The story was acupuncture. A major study had been published showing that acupuncture is more effective for back pain than conventional medical treatment, and as I sometimes write about complementary medicine and research methodology I was invited to discuss the study on BBC Radio 4, where nobody can tell that I look about 14.
The very interesting paper (Archives of Internal Medicine 2007;167:1892-8) had three arms. Results from the "sham" and "real" acupuncture arms were indistinguishable—make of that what you will—but both outperformed conventional medical treatment. The patients in the study, I should mention, were people who had already been failed by conventional medical treatment for an average of eight years.
If you're a doctor, you can probably imagine what I said. The important background information missing from the news reports didn't concern the study's methodological details or anything to do with acupuncture: what was missing was a wider understanding of back pain. Back pain isn't like tuberculosis or a fracture; it's one of the leading causes of sick leave and misery, but the simple fact that no clear cause is found itself exacerbates distress and causes conflict.
And just as many of the big risk factors for a niggle turning into chronic, longstanding back pain are personal, psychological, and social—things such as working conditions, depression, job dissatisfaction, unavailability of light duty on return to work, and so on—so are many of the interventions.
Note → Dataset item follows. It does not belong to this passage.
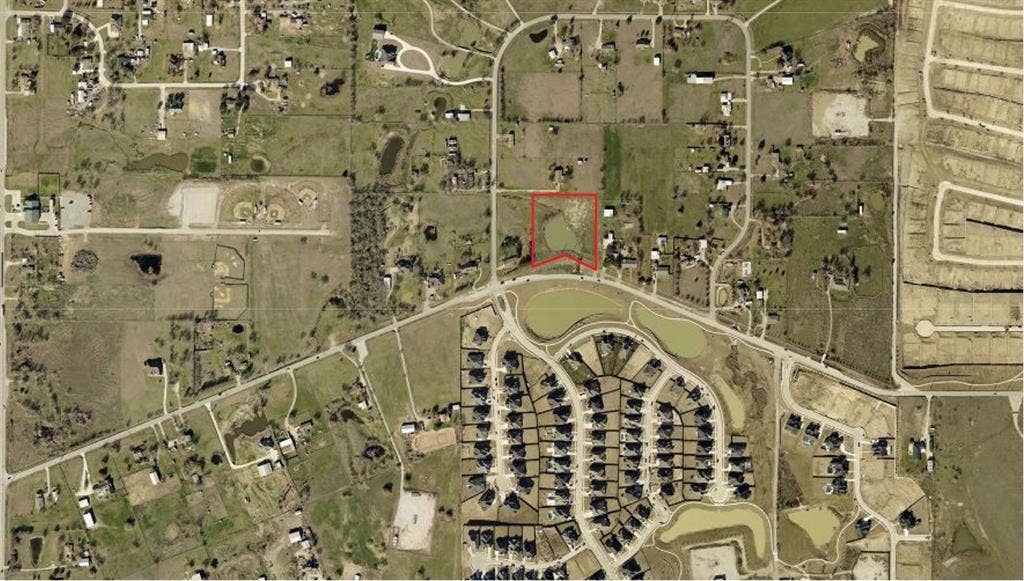 521 Blue Mound Road E, Haslet, TX 76052 521 Blue Mound Road E, Haslet, TX 76052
Anti-inflammatory drugs are undeniably better than placebo, at the cost of possible side effects, but if you were going to look at the evidence beyond pills, then resting in bed is actively harmful (specific exercises can be too), and trial data show that simple educational interventions such as giving advice to "stay active" can speed recovery, reduce chronic disability, and reduce time off work. In fact, in Australia they even put money into that notion, and a simple public information campaign ("Back pain: don't take it lying down") was shown to reduce back pain significantly in the whole target population (Medical Journal of Australia 2001;175:456-7).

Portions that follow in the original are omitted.